What you will do:
Set down exactly the lines running from the one with "三全水饺低脂饺子荠菜笋丁菌菇" to the last line of the listing below, both included, and skip every picture.
★ ★ ★ ★
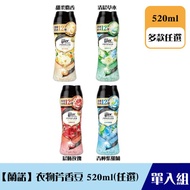 《限自取不宅配》【蘭諾Lenor】衣物芳香豆520ml(單瓶)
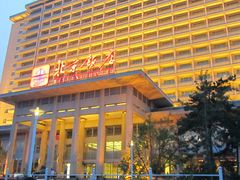 -北京饭店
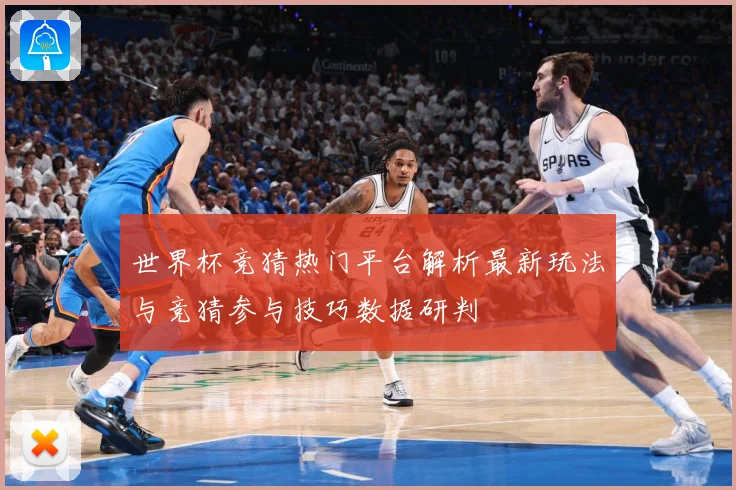 世界杯竞猜热门平台解析最新玩法与竞猜参与技巧数据研判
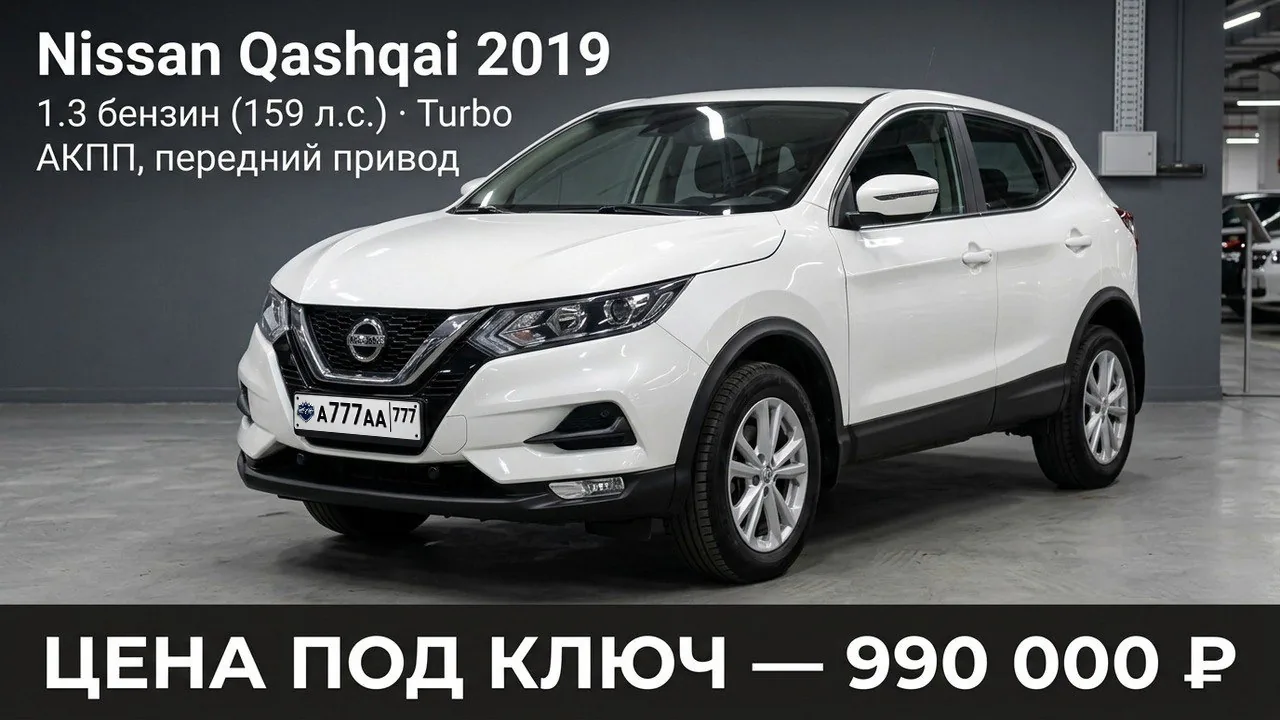 Автомобиль из закрытого каталога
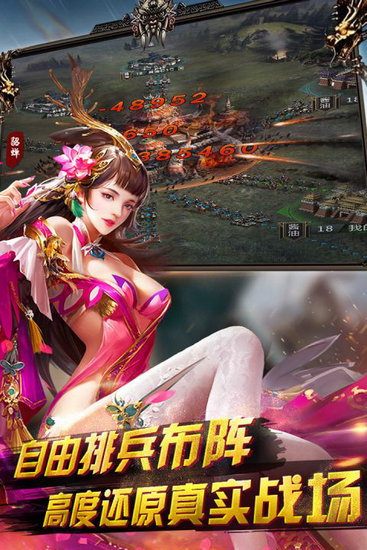 英雄三国志下载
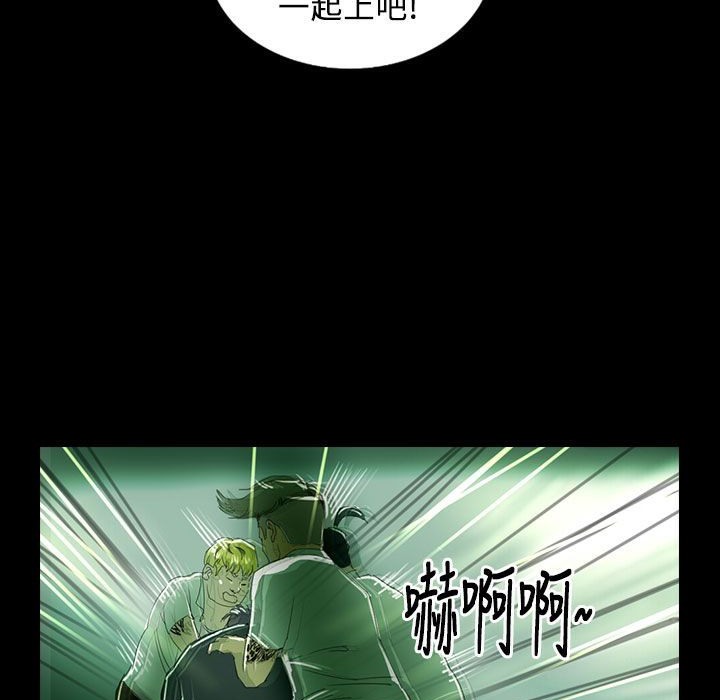 魅力女孩第27話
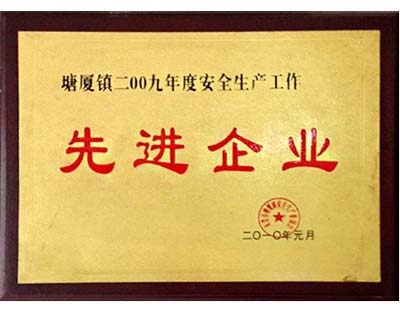 通豪實(shí)業(yè)先進(jìn)企業(yè)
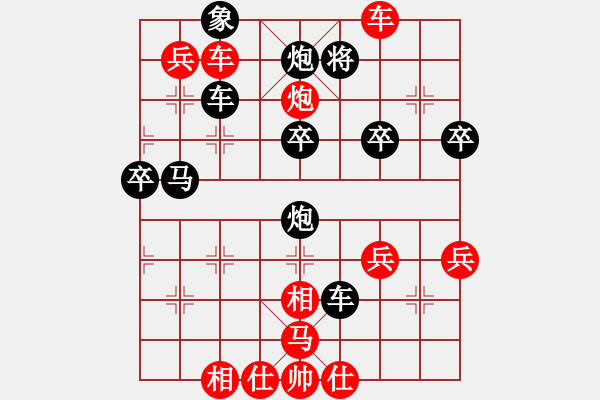 象棋棋譜圖片：棋迷[1596003348] -VS- 黃培祿[253671652] - 步數(shù)：60 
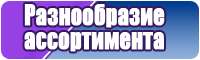 Сапоги эва оранжевые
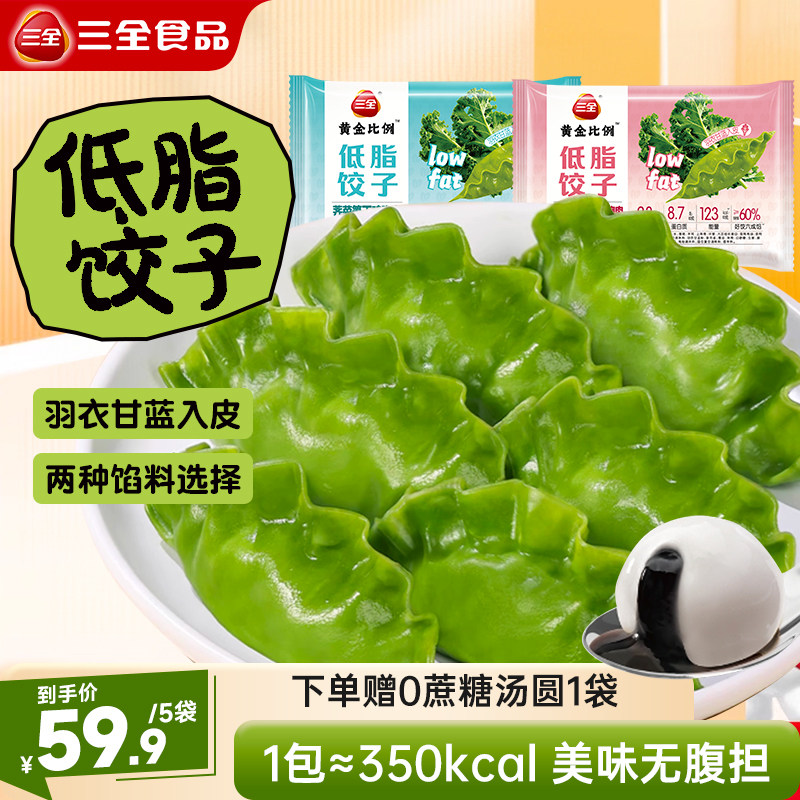 三全水饺低脂饺子荠菜笋丁菌菇羽衣甘蓝蒸煎饺藤椒风味菌菇鸡胸肉,粮油调味/速食/干货/烘焙,水饺/煎饺/虾饺,淘宝优惠券,粉丝福利购,淘宝优惠卷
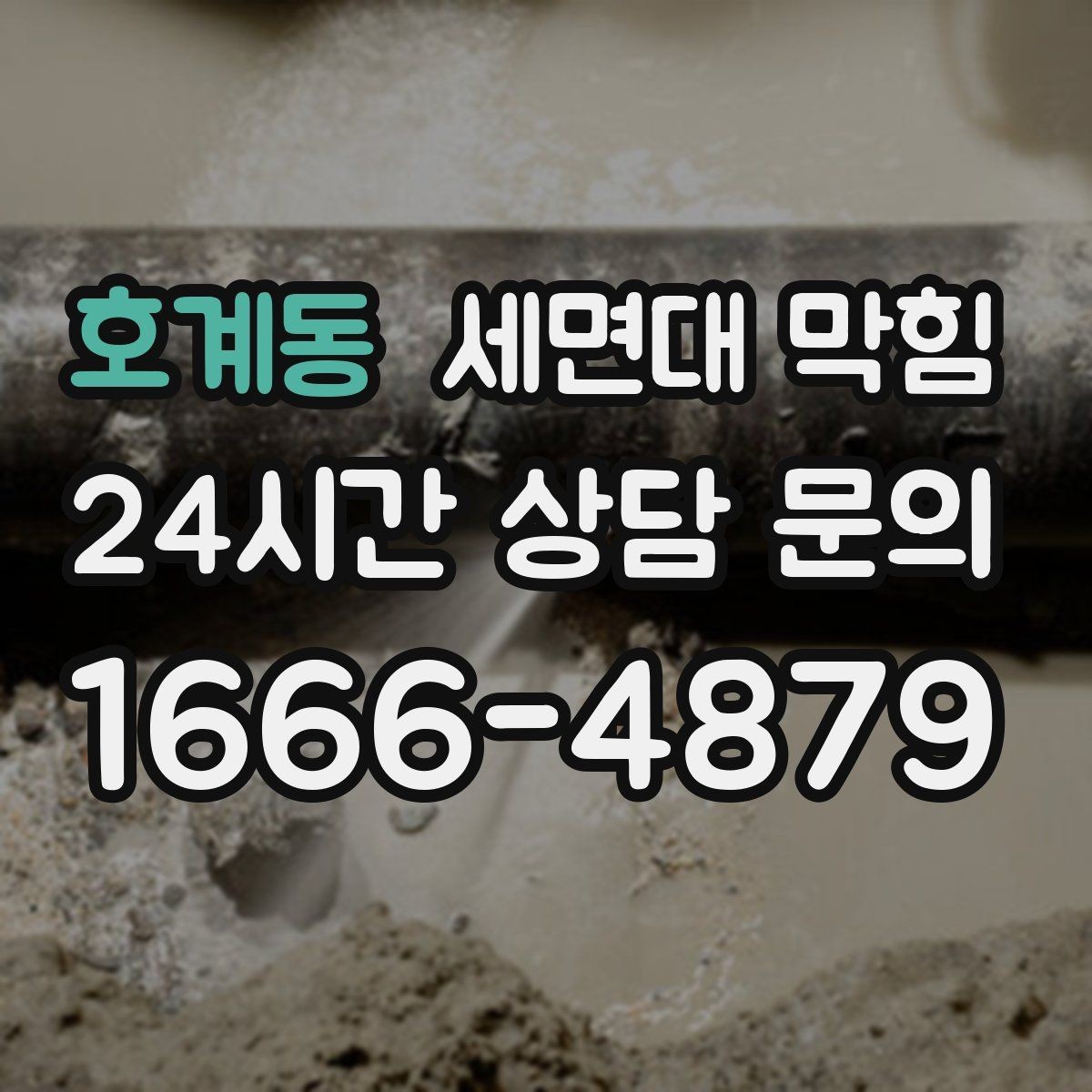 호계동 세면대 막힘 막힘이 심해지기 전에 바로 조치해야 하는 이유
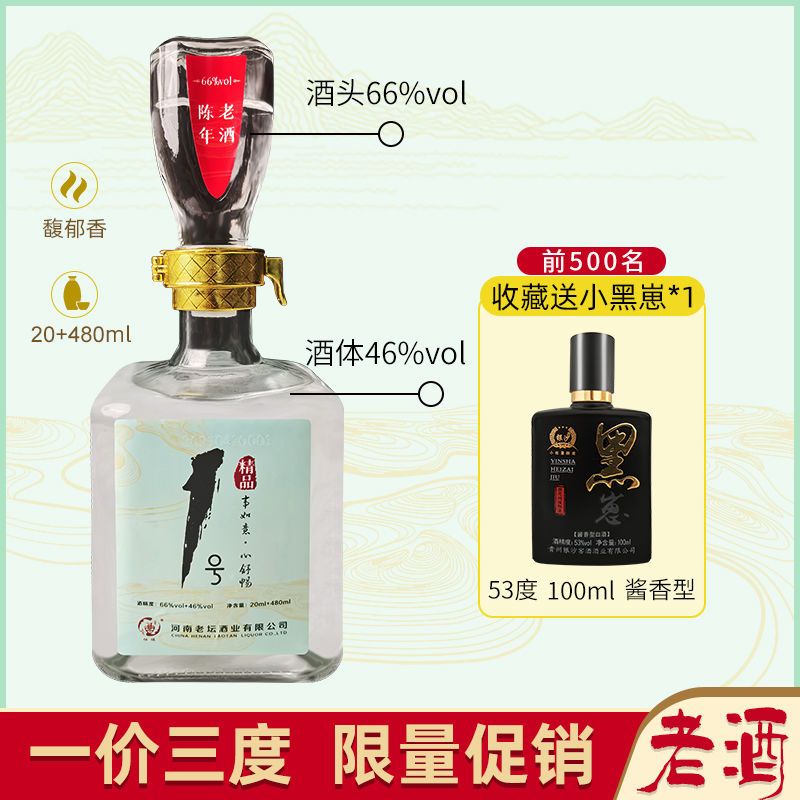 纯粮正宗馥郁香型白酒46度480ml 66度20ml老酒酒头送高端酱香白酒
★ ★ ★ ★
Exercise solution:
 三全水饺低脂饺子荠菜笋丁菌菇羽衣甘蓝蒸煎饺藤椒风味菌菇鸡胸肉,粮油调味/速食/干货/烘焙,水饺/煎饺/虾饺,淘宝优惠券,粉丝福利购,淘宝优惠卷
 호계동 세면대 막힘 막힘이 심해지기 전에 바로 조치해야 하는 이유
 纯粮正宗馥郁香型白酒46度480ml 66度20ml老酒酒头送高端酱香白酒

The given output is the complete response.